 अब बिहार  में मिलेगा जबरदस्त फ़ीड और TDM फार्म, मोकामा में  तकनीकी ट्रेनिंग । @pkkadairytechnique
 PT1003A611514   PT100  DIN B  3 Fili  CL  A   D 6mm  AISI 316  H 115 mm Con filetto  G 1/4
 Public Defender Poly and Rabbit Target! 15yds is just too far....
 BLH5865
________________
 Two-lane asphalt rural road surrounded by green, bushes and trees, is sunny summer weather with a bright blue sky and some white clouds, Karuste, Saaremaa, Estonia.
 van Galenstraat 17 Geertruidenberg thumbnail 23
________________
▸ PROBLEM:
Going back over the entries above, copy word for word every line from the one that has "Two-lane asphalt rural" on through the one that has "van Galenstraat 17".

▸ SOLVED EXERCISE:
 Two-lane asphalt rural road surrounded by green, bushes and trees, is sunny summer weather with a bright blue sky and some white clouds, Karuste, Saaremaa, Estonia.
 van Galenstraat 17 Geertruidenberg thumbnail 23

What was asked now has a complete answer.